The general presser foot lift on a domestic machine is about 8 mm. On some you can push it a bit over seams and bumps and it will be fine (like a 201), others will have tension interefered with. I can push my 201 a bit more than my 99 if I remember correctly. You can search for a model with a high presser foot lift, also called high shank. They turn up now and then but aren't the most common. If you need the machine to hande 10 mm more than a few stiches, like over a seam or bump, you need a high shank.
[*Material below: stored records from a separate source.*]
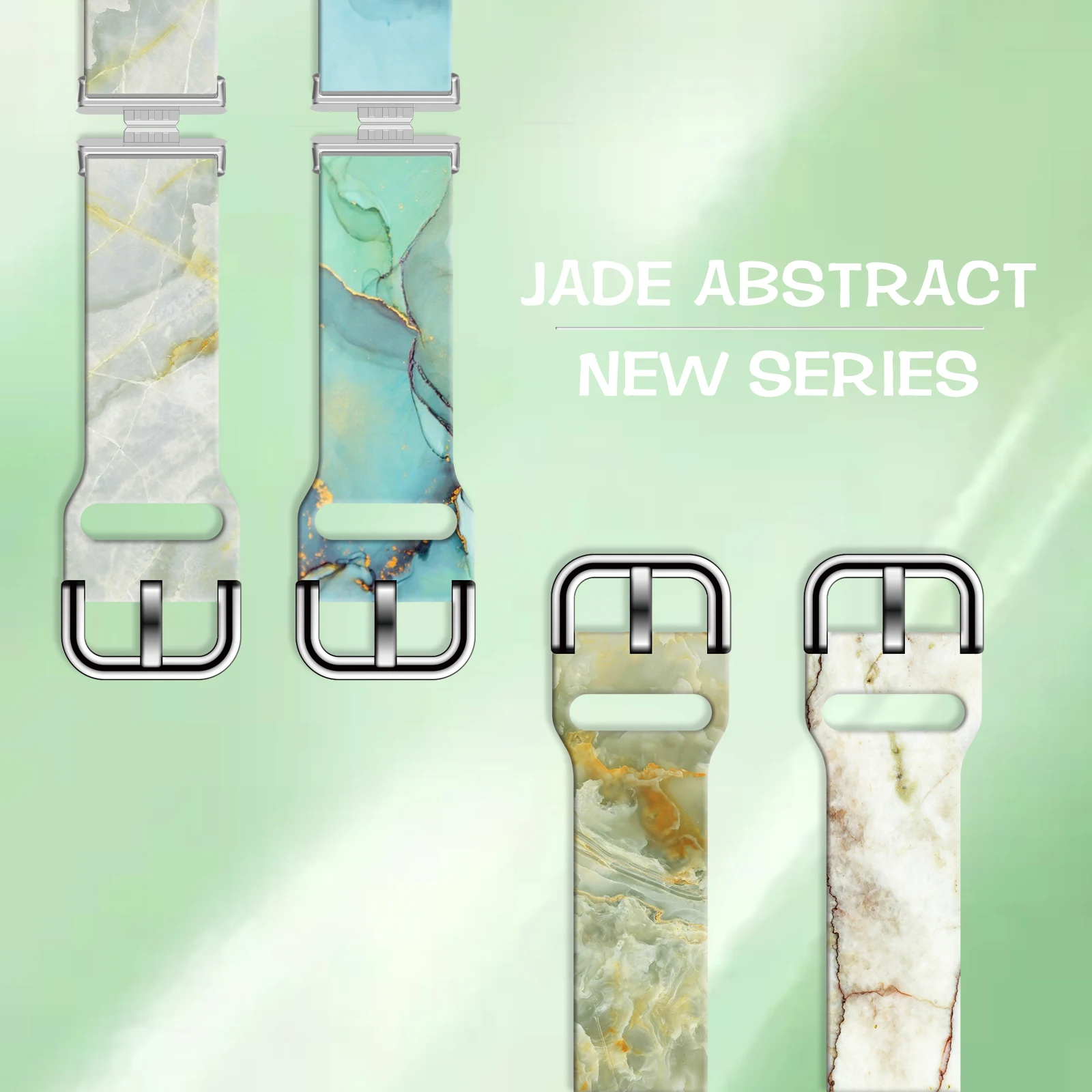 Jade Abstraction Series สายนาฬิกาสําหรับนาฬิกา Huawei Fit 4pro 4 3 เปลี่ยนสร้อยข้อมือสําหรับนาฬิกา HUAWEI Fit 4 3 Watchband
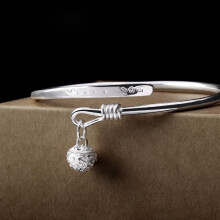 Anklet Female Adjustable Anklet Silver Bell Ring Anklet Literary and ancient little girl Jewelry Accessories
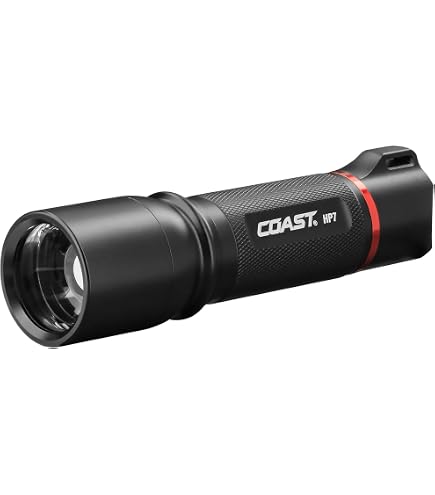 Lampe Torche LED Coast HP7 XDL – 240 Lumens, Portée 270m, étanche IP54, Avec Piles AAA, Focus Longue Portée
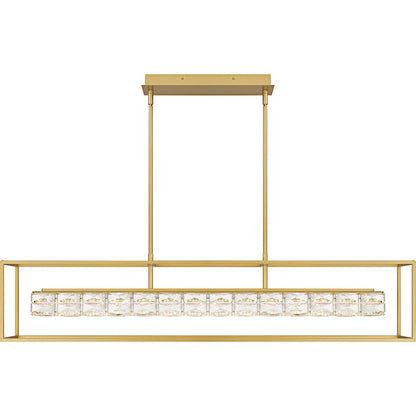 Dazzle Light Island Light, Soft Gold/Clear Crystal Glass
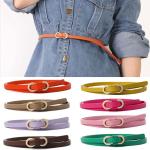 Cinturones marrones de cuero con hebilla  largo 110 vintage talla L para mujer 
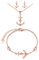 INFINIONLY Damen Mädchen Halskette Armbänder und Ohrringe, 925 silber schmuck-sets, anchor halskette armband ohrringe, anhänger armbänder ohrstecker mit anker und unendlichkeitssymbol, rose gold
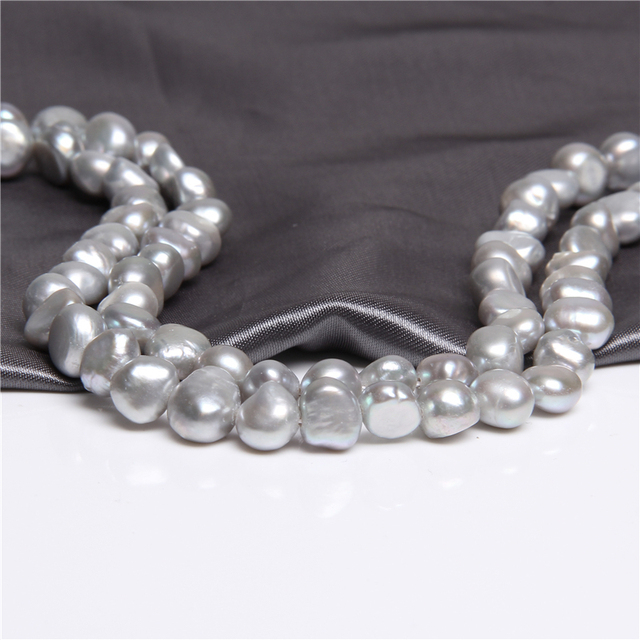 Bryłki ziemniaczane - luzem, perły naturalne, barokowe koraliki, słodkowodne perły do tworzenia biżuterii - 14-calowy sznurek - Wianko - 42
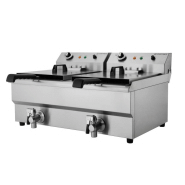 Friteuse Électrique À poser professionnelle 13+13l - 6kw - ef-132v-ct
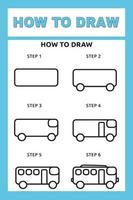 How to Draw for Kids Easy vector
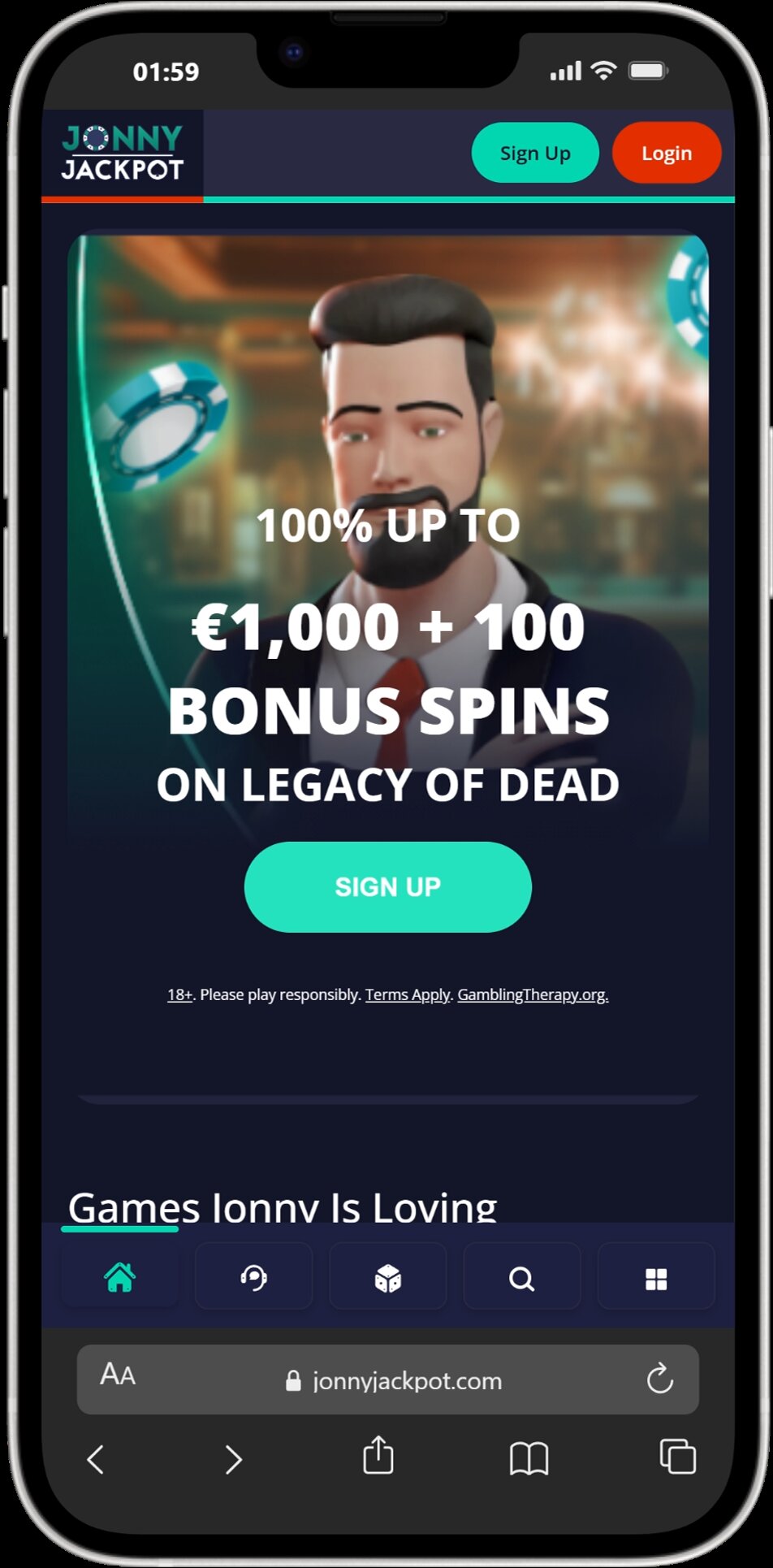 Jonny Jackpot screenshot 4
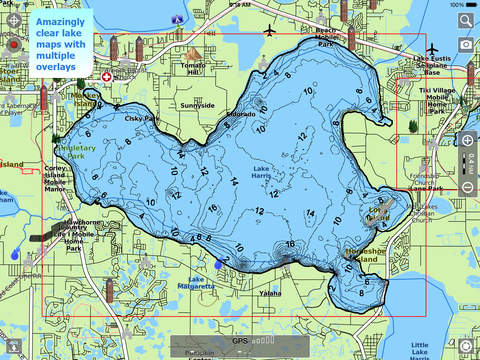 Aqua Map Florida Lakes HD - GPS Offline Nautical Charts
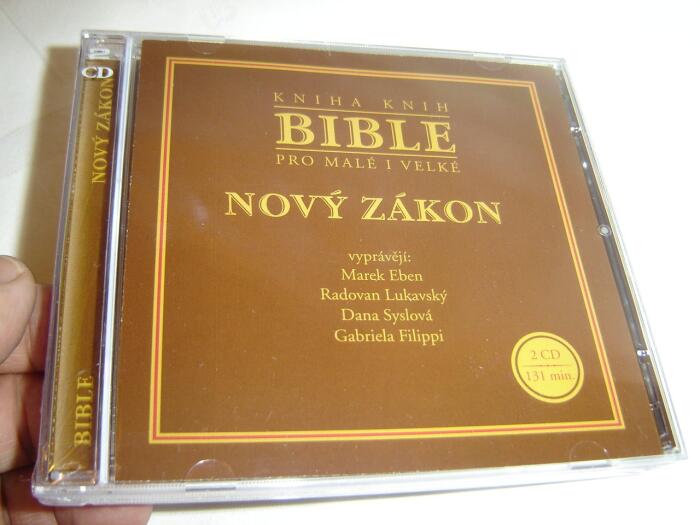 Czech Language Audio Bible for Young and Old - New Testament (2 CD) / Kniha Knih Bible pro malé i velké - Nový zákon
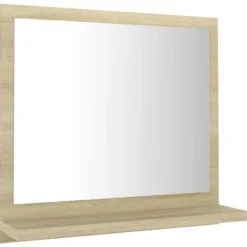 vidaXL - Spiegel - Bruin - Bewerkt hout - 40 x 10.5 x 37 cm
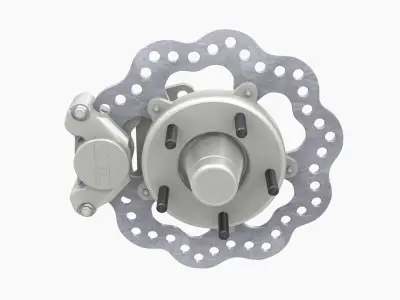 TBM Spindle Brake Disk Low-poly 3D model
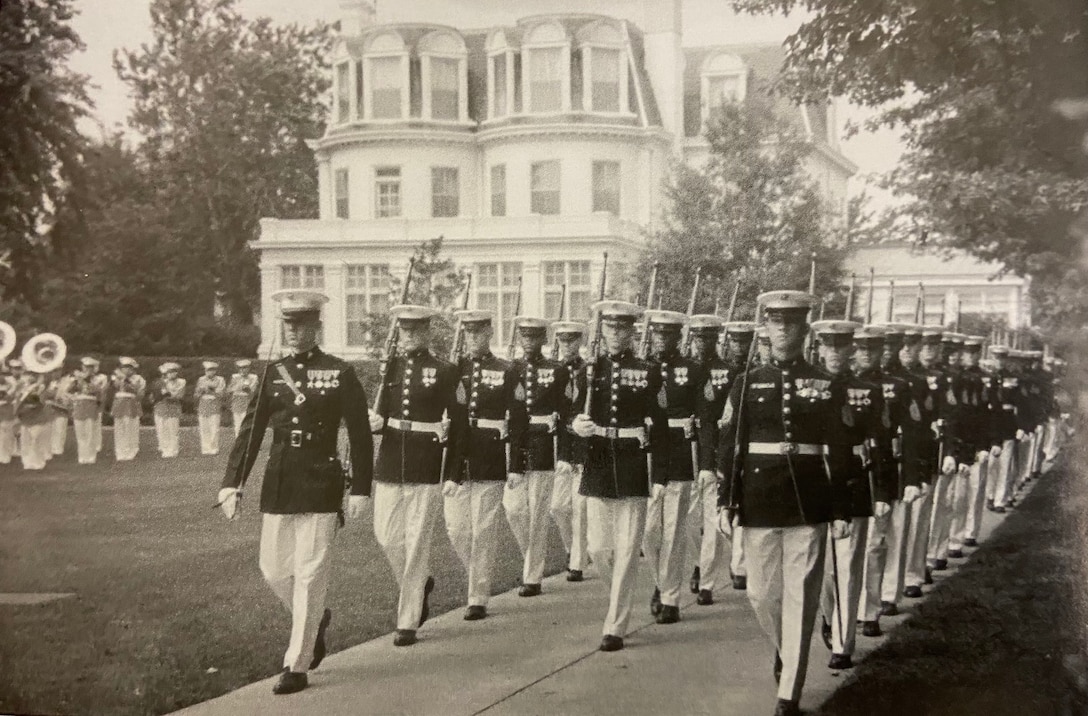 Parade at Marine Barracks Washington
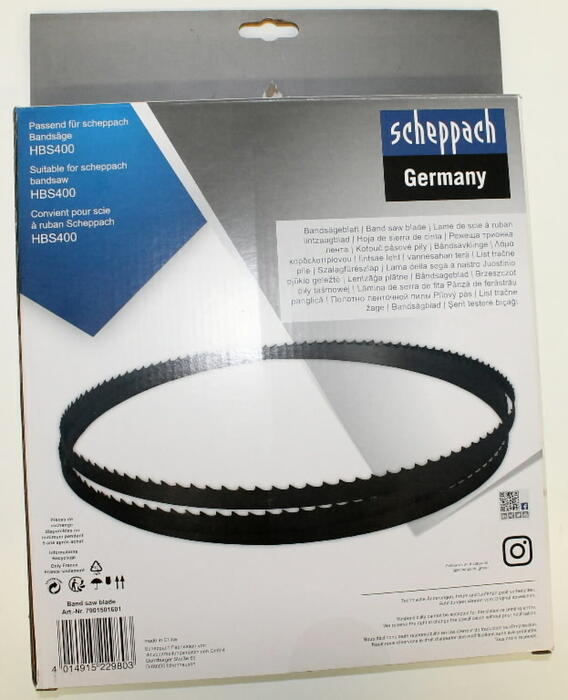 Scheppach lentzāģa asmens HBS400 7901501601, 2240x13x0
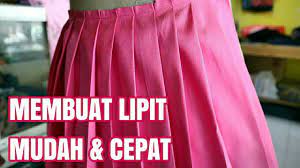 Pola rok lipit hadap keliling. Membuat Lipit Dengan Mudah Dan Cepat Youtube
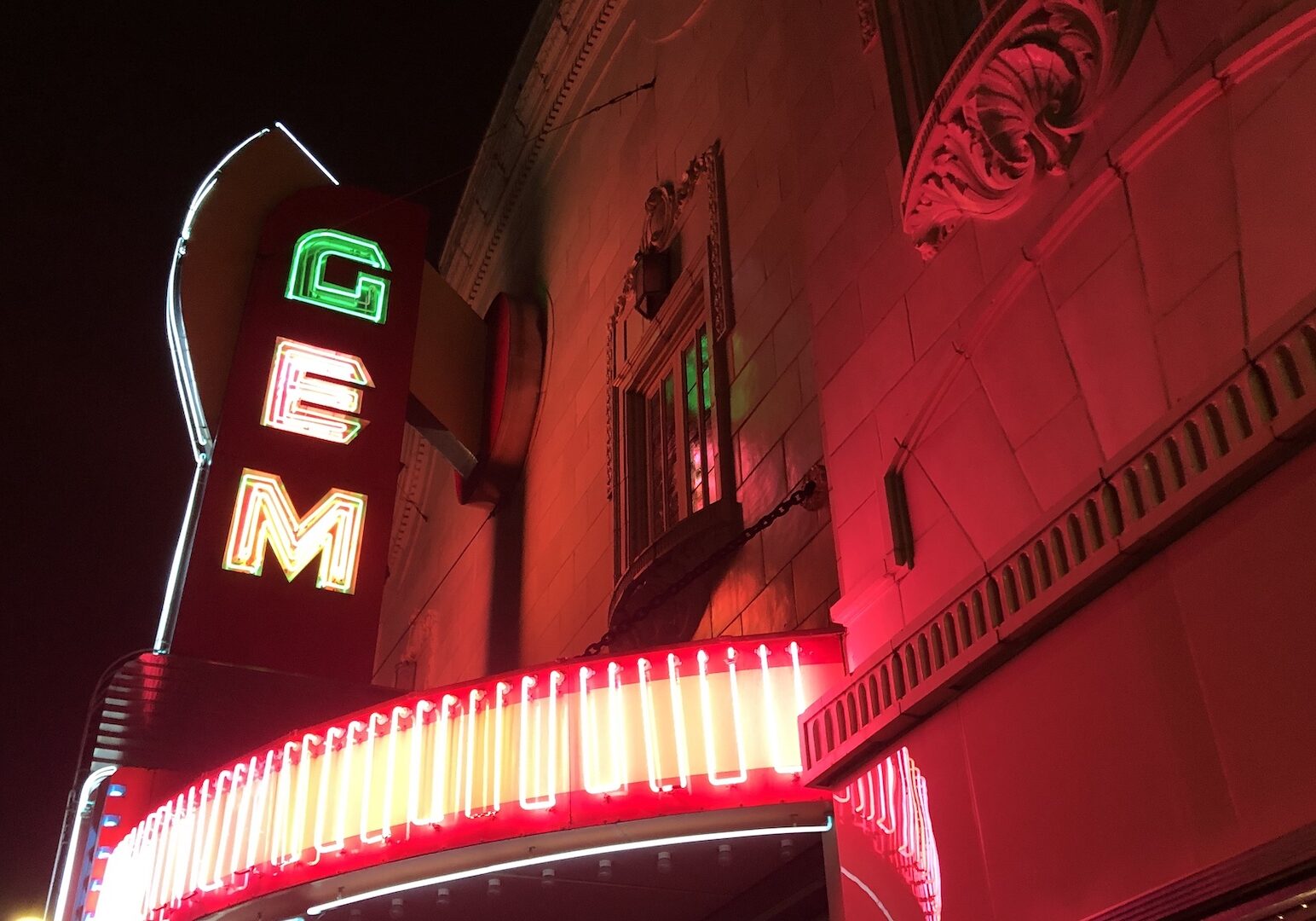 The Gem Theater marquee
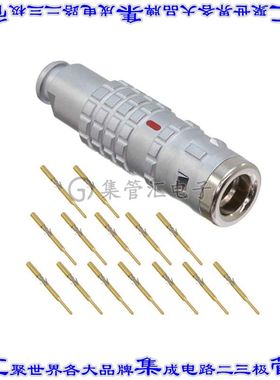 FGG.1K.314.CYCC55 圆形连接器14POS插头公引脚压接镀金自由悬挂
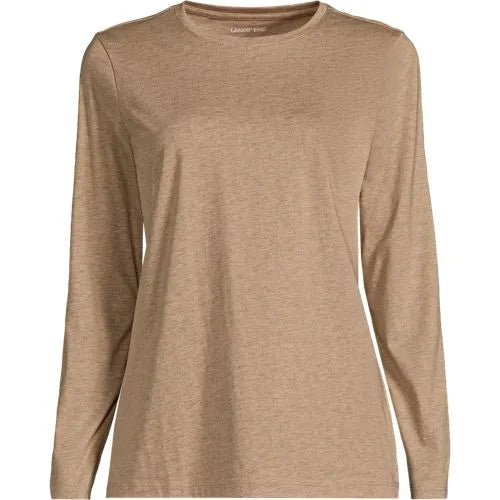 Supima Cotton Long Sleeve Crewneck T-Shirt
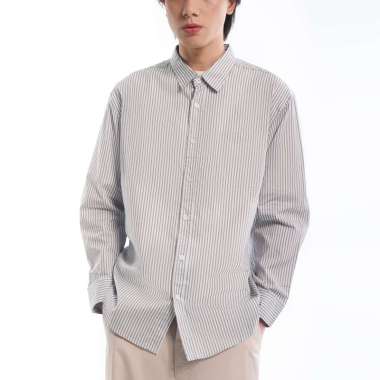 M231 Shift Kemeja Pria Stripe Panjang 1072B Dewasa-M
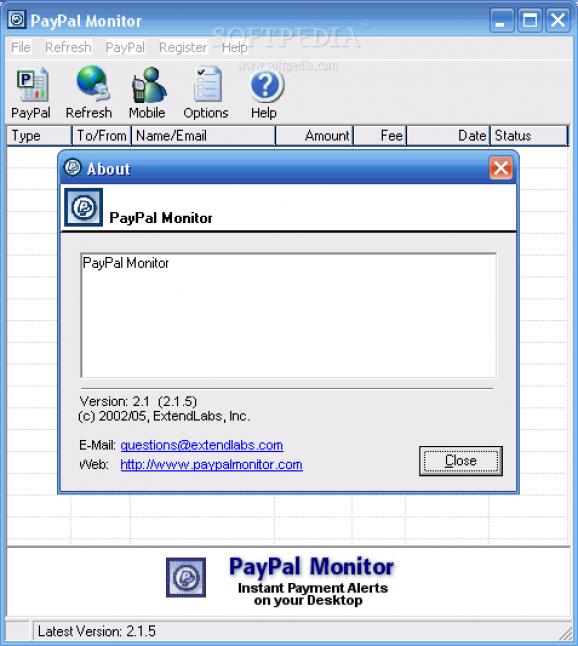 PayPal Monitor screenshot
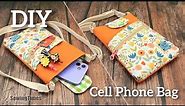 DIY Cell Phone Bag | How to make a Mobil Pouch Tutorial [sewingtimes]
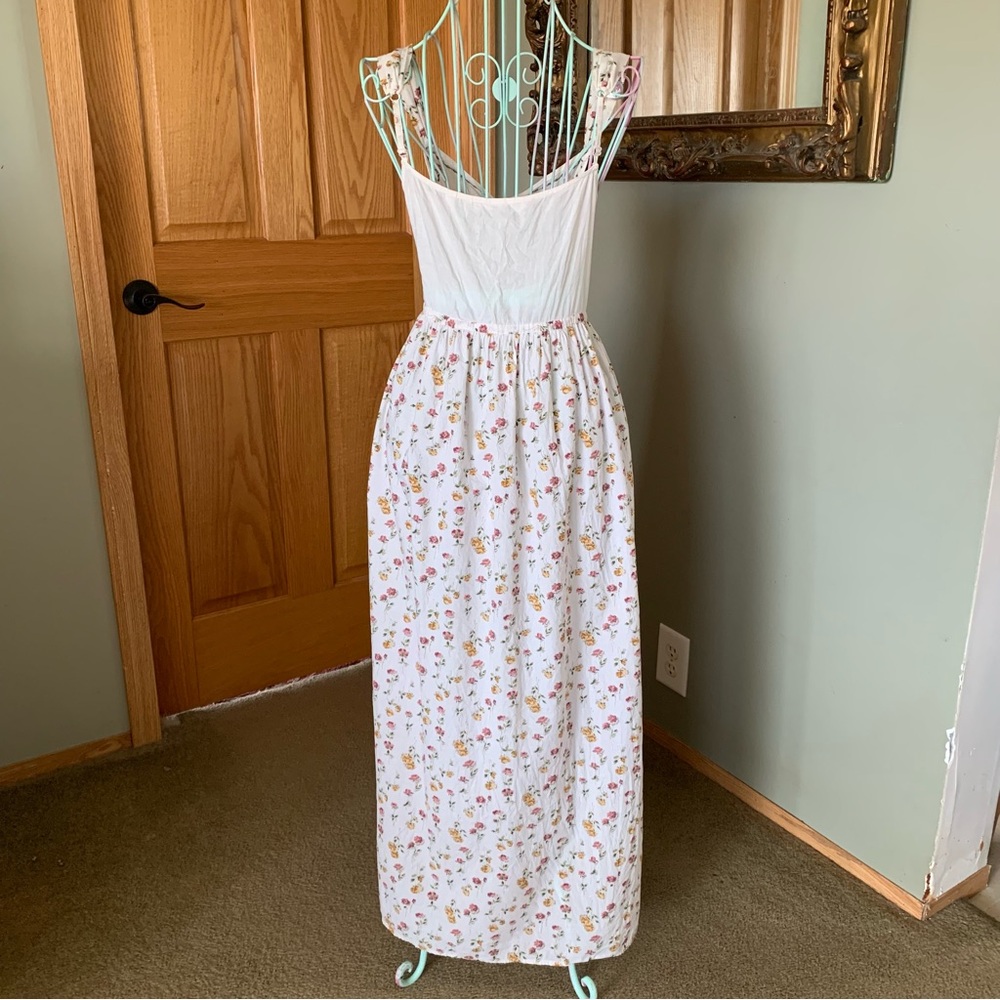 Vintage Victoria’s Secret Country Floral Boho Dress Prairie Gown Cottage Medium - Picture 2 of 16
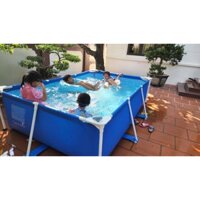 Bể bơi khung kim loại chữ nhật INTEX 28271 2M6X1M6X65CM Bảo Hành 1000 ngày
For the Singer and Toyota models you mentioned, they will cope with hemming up jeans, but that is their limit. They maybe heavy duty compared to other low priced models, but they are regular domestic machines. I have seen both first hand, they are not the worst of budget machines, but their advantage is mostly buttonholer function and a few stretchy stitches.
If you can get by with a basic presser foot lift (low shank) take a look at an old cast iron model, something like a Singer 15 or 201, Pfaff 30 or 31, maybe a Husqvarna CB or a Jones will be up to the job. These straight stitchers are sturdy enough to handle webbing and dog collars, and they turn up at a good price.
Janome have some Easy Jeans models like 22 and 1800, and they have a higher presser foot lift. These two are very similar and relatively sturdy models, but they are still nothing like a cast iron straight stitcher. A new machine cost a bit more, and are still within the basic sewing machine range.
For something more than that you have too look at an industrial model with high presser foot lift. Most used industrial machines that turn up around here have the basic low presser foot lift of around 8 mm.